§ **Problem requirements**
Starting with the line that holds "A Clip On Shots", reproduce each line through the last one of the data, exactly as written. Pictures are not copied.

☆ ☆ ☆ ☆ ☆ ☆ ☆

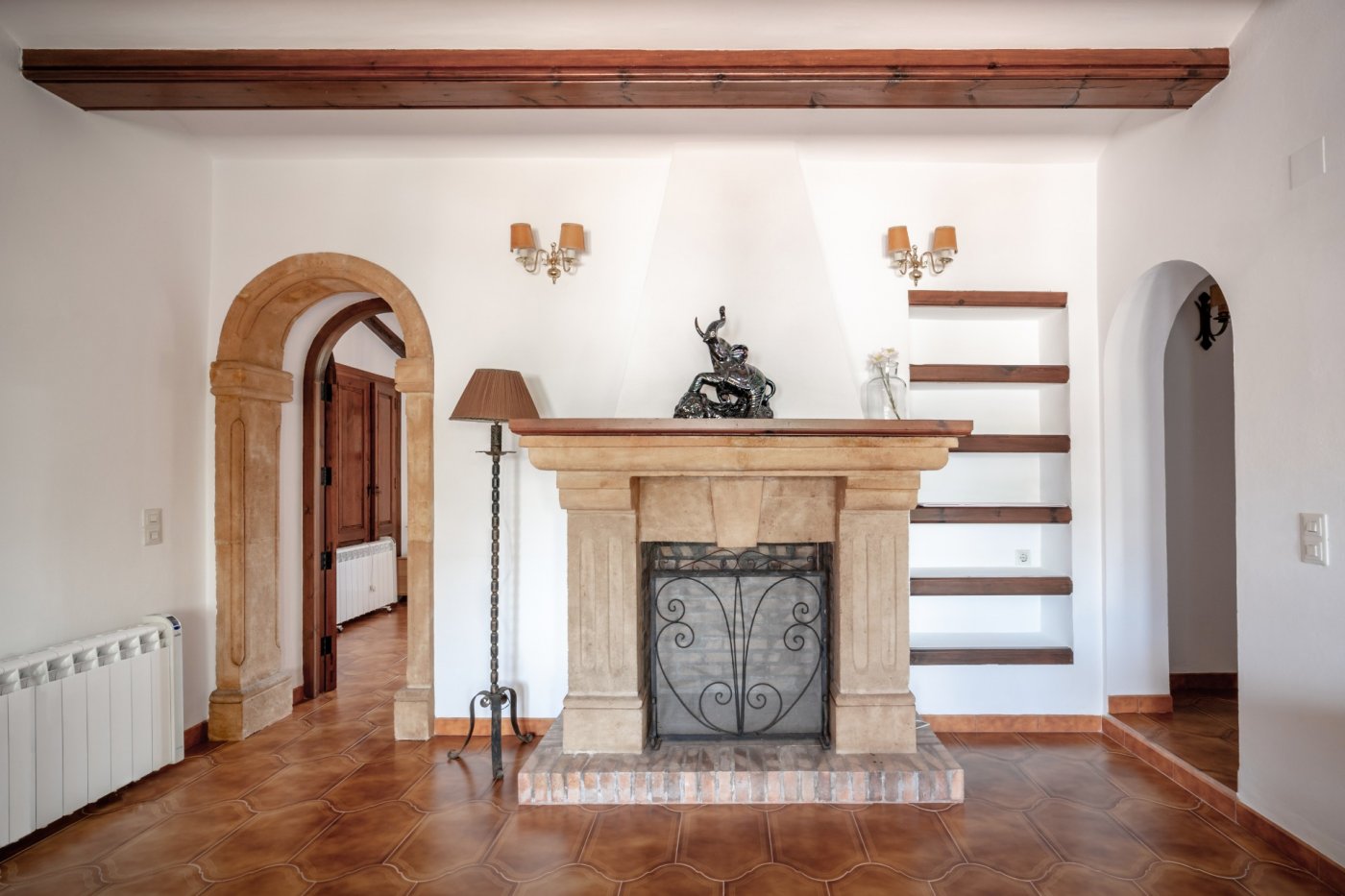 Woonkamer met een open haard van Tosca-steen, terracotta vloertegels en houten balken. Voorzien van een natuurstenen boog en ingebouwde wandplanken.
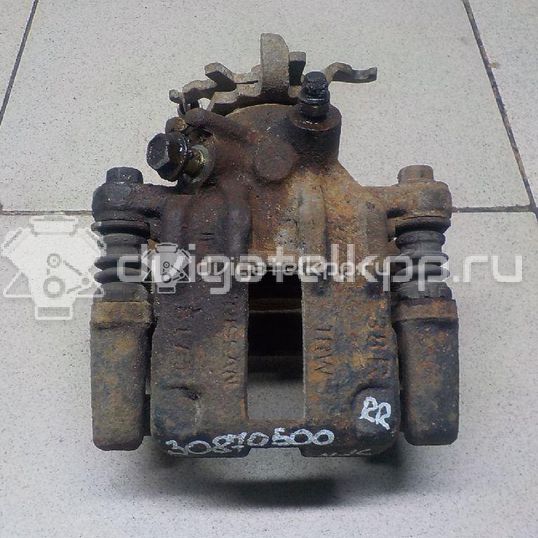 Фото Суппорт тормозной задний правый  44001BM40A для Nissan Primera / Almera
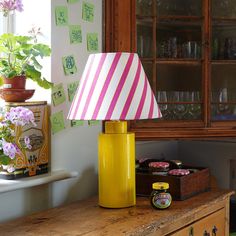 a yellow lamp sitting on top of a wooden table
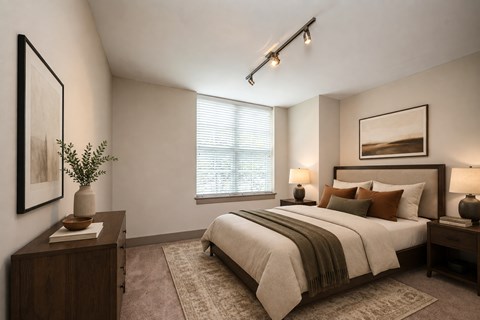 A bedroom with a large bed and a window with blinds.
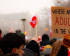 A close-up shot of a person from the side holding three small hand-held flags—the Greenlandic flag, the Danish Dannebrog, and the Faroese flag—against the backdrop of a large protest crowd. To the left, a white protest sign with red lettering says 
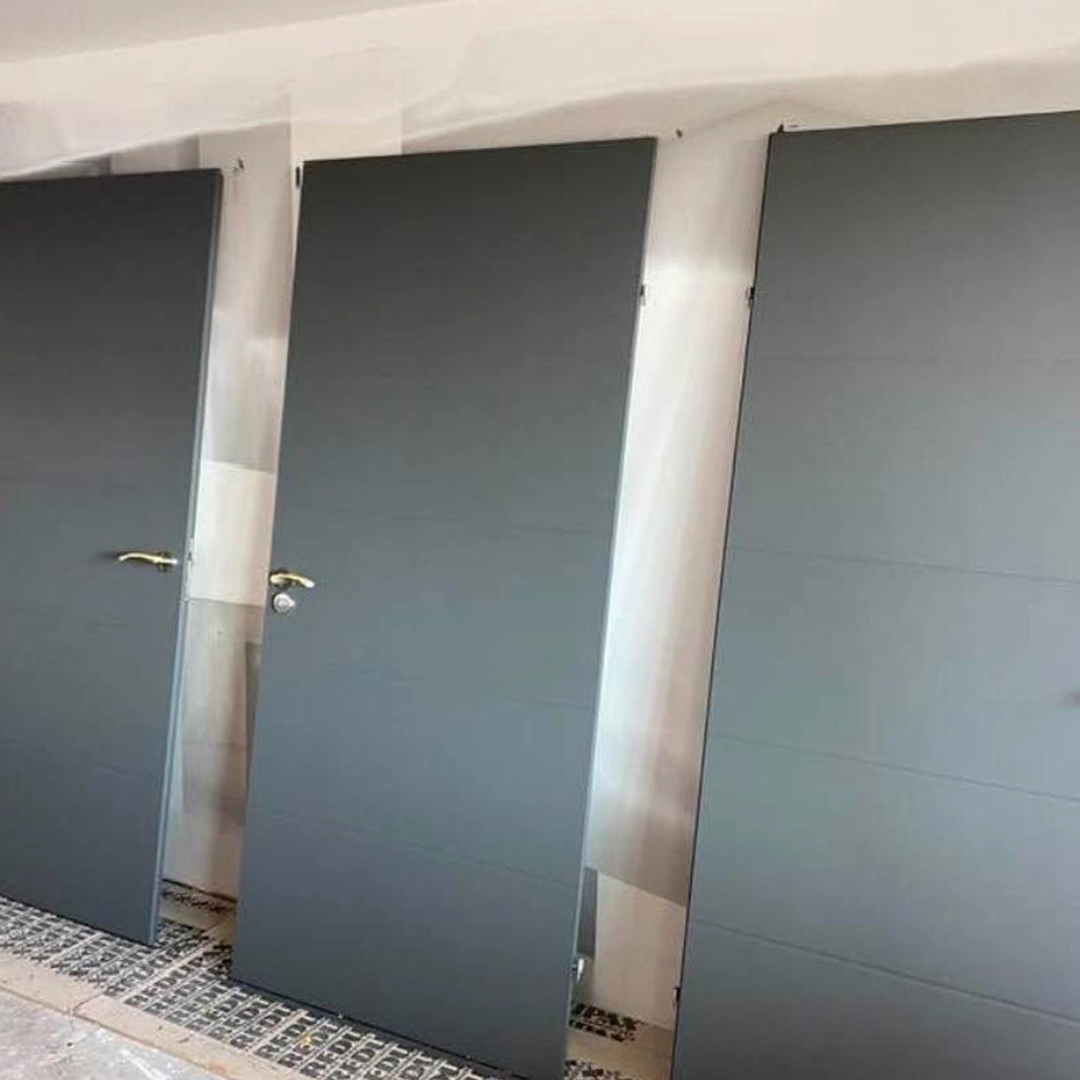 Drie strak gespoten binnendeuren in een matte, donkergrijze kleur staan rechtop te drogen in een zorgvuldig afgeplakte ruimte, klaar voor montage; de moderne afwerking en egale verflaag benadrukken het vakmanschap en de zorgvuldige voorbereiding.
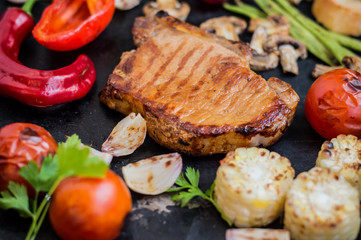 Steak on the bone with vegetables cooked  the grill. Black stone background. Top view. Selective focus close-up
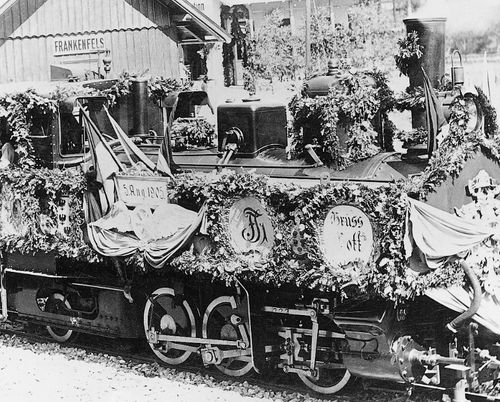 Eine alte Dampflokomotive mit Blumen und Bannern steht auf den Gleisen neben einem Gebäude. Das Schild sagt FRANKENFELS.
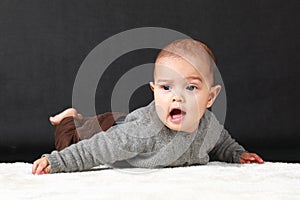 Talkative baby boy lying on belly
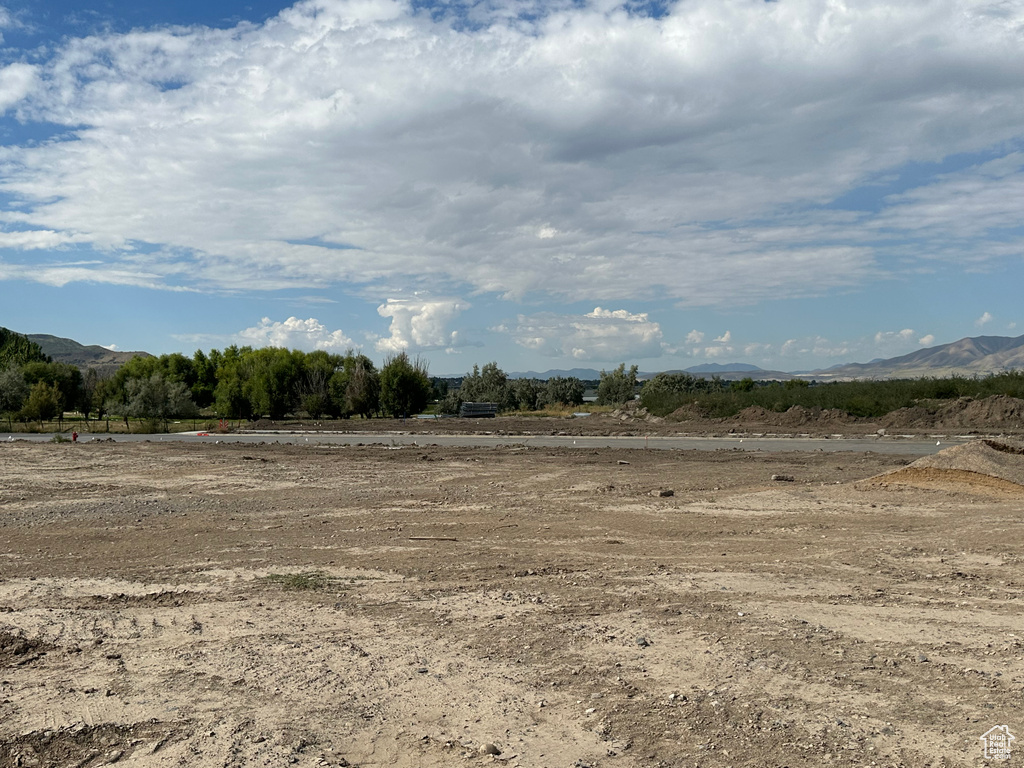 View of local wilderness featuring a rural view and a mountain view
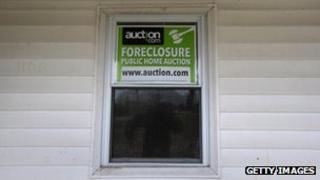 Auction sign in the window of a foreclosed property in Ohio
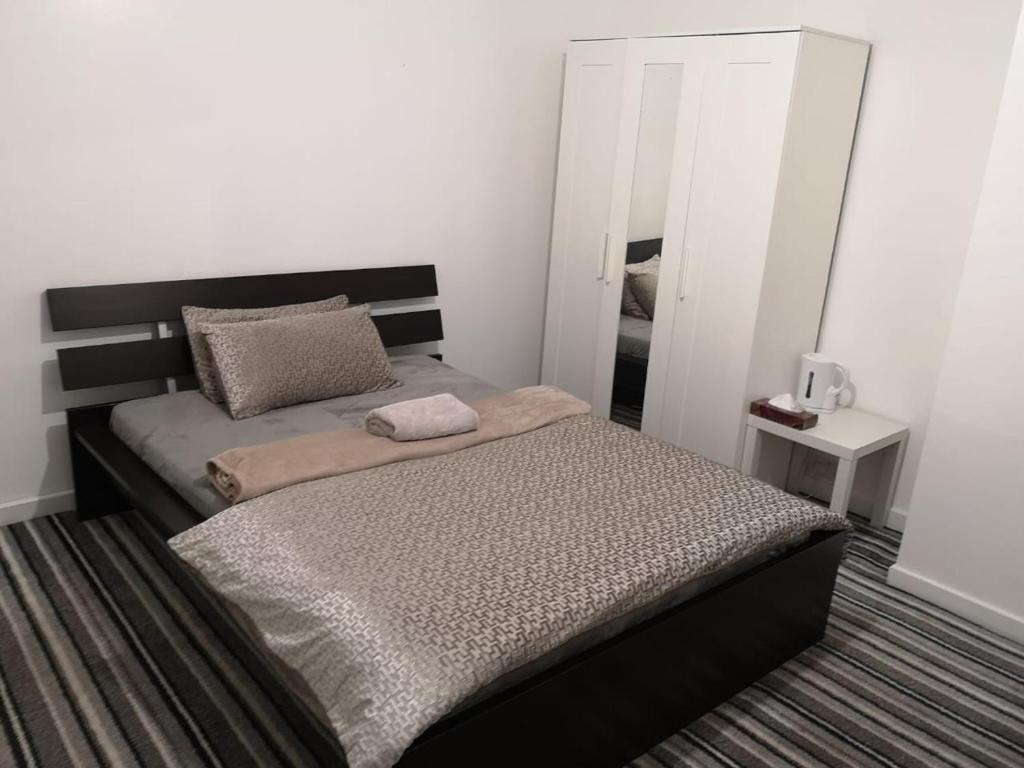 a bedroom with two beds and a mirror at White House "Luton Airport" in Luton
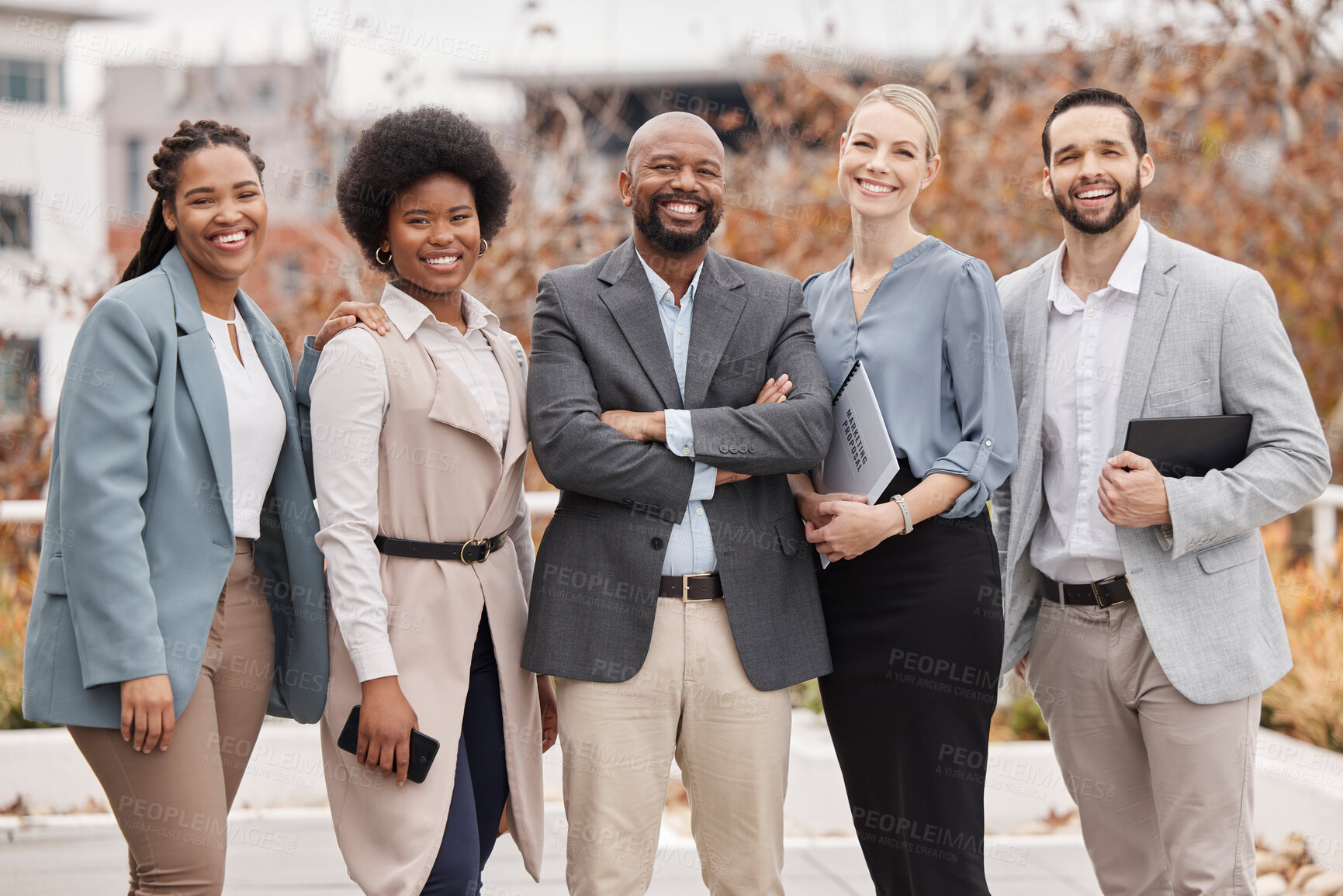 Buy stock photo Team, portrait and business people with arms crossed in the city for corporate teamwork and diversity. Smile, together and a group of employees with pride, trust and professional solidarity for work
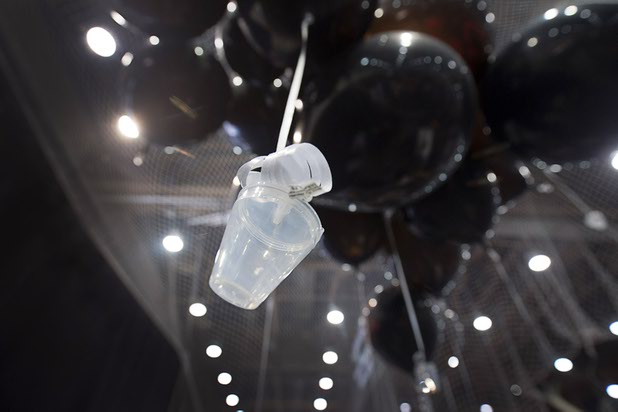 A Clip On Shots container hangs from a helium-filled ballon during the 2016 Nightclub & Bar convention at the Las Vegas Convention Center Tuesday, March 8, 2016.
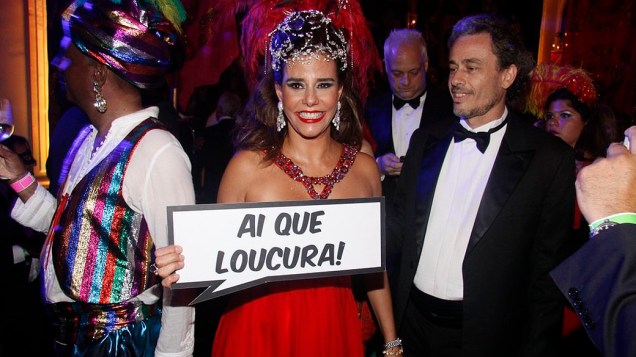 Narcisa segura a placa "Ai, que loucura!" no baile de Carnaval do Copacabana Palace, no Rio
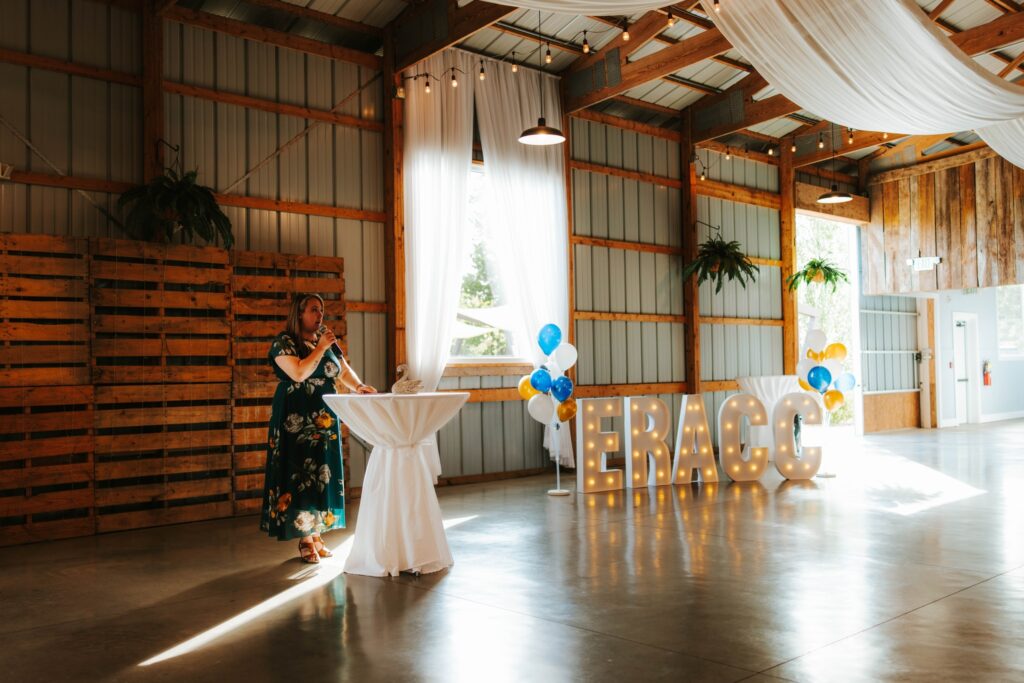A woman in a floral dress stands at a tall round table in a decorated event space with wood and metal walls. Large light-up letters spell “GRAD,” and blue, white, and yellow balloons are nearby. Draped fabric and string lights hang above.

☆ ☆ ☆ ☆ ☆ ☆ ☆

§ **Answer to this task**
 A Clip On Shots container hangs from a helium-filled ballon during the 2016 Nightclub & Bar convention at the Las Vegas Convention Center Tuesday, March 8, 2016.
 Narcisa segura a placa "Ai, que loucura!" no baile de Carnaval do Copacabana Palace, no Rio
A woman in a floral dress stands at a tall round table in a decorated event space with wood and metal walls. Large light-up letters spell “GRAD,” and blue, white, and yellow balloons are nearby. Draped fabric and string lights hang above.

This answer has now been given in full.